# [WHAT THIS TASK INVOLVES]
Below are records with pictures in them. Output exactly the lines from the one with "Podcast In Focus" through the one with "The Who / On TRack, Geoffrey Feakes", both included, and leave every picture out; give only those lines.

# [LISTED RECORDS]
=== Begin Enclosure ===
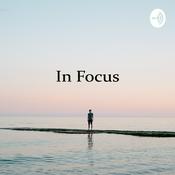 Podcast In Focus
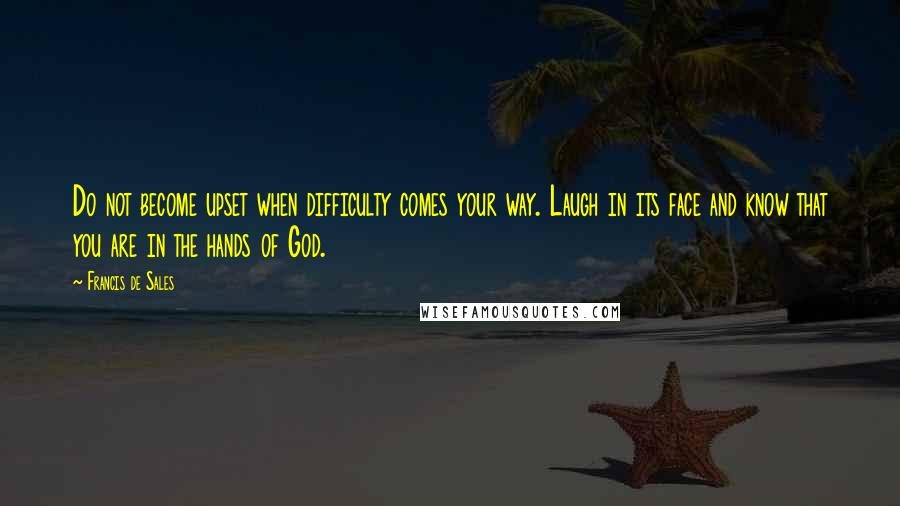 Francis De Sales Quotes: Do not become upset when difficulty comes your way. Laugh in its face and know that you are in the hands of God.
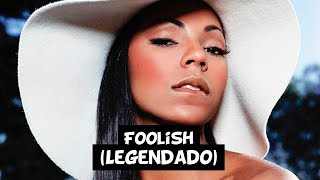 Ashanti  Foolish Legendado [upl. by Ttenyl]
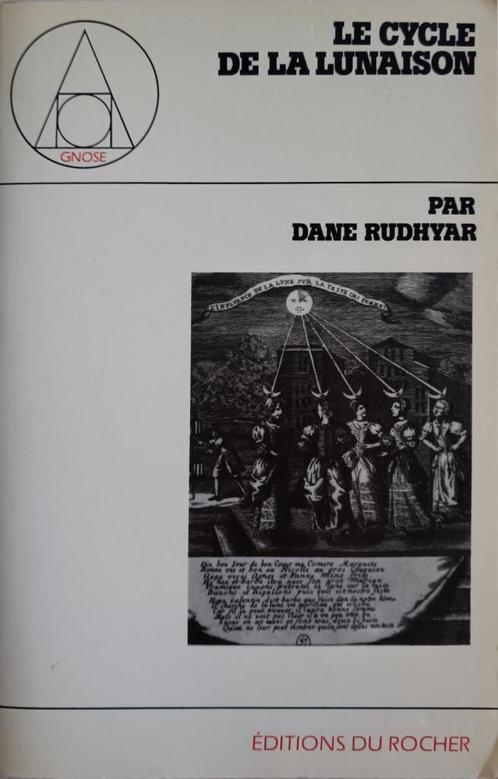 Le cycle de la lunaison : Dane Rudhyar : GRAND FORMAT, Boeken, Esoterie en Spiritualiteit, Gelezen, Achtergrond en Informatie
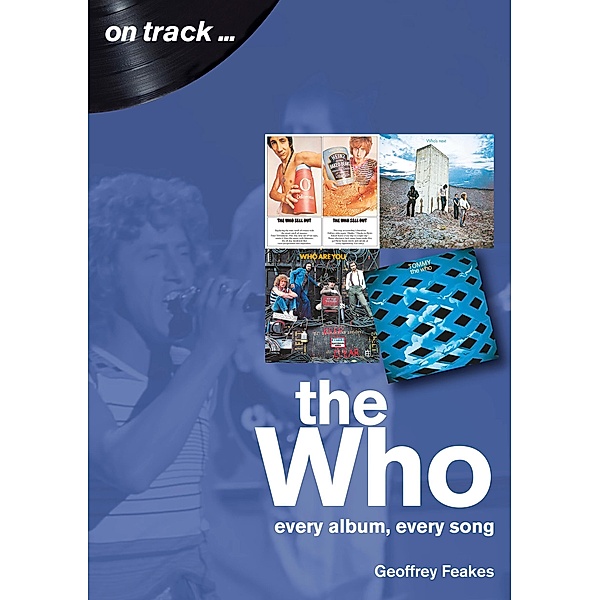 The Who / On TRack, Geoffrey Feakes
=== End Enclosure ===
=== Begin Enclosure ===
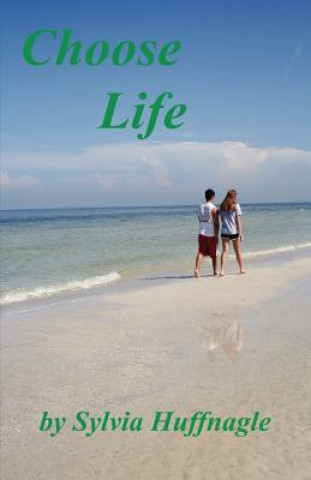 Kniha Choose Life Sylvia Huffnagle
=== End Enclosure ===
# [THE ANSWER]
 Podcast In Focus
 Francis De Sales Quotes: Do not become upset when difficulty comes your way. Laugh in its face and know that you are in the hands of God.
 Ashanti  Foolish Legendado [upl. by Ttenyl]
 Le cycle de la lunaison : Dane Rudhyar : GRAND FORMAT, Boeken, Esoterie en Spiritualiteit, Gelezen, Achtergrond en Informatie
 The Who / On TRack, Geoffrey Feakes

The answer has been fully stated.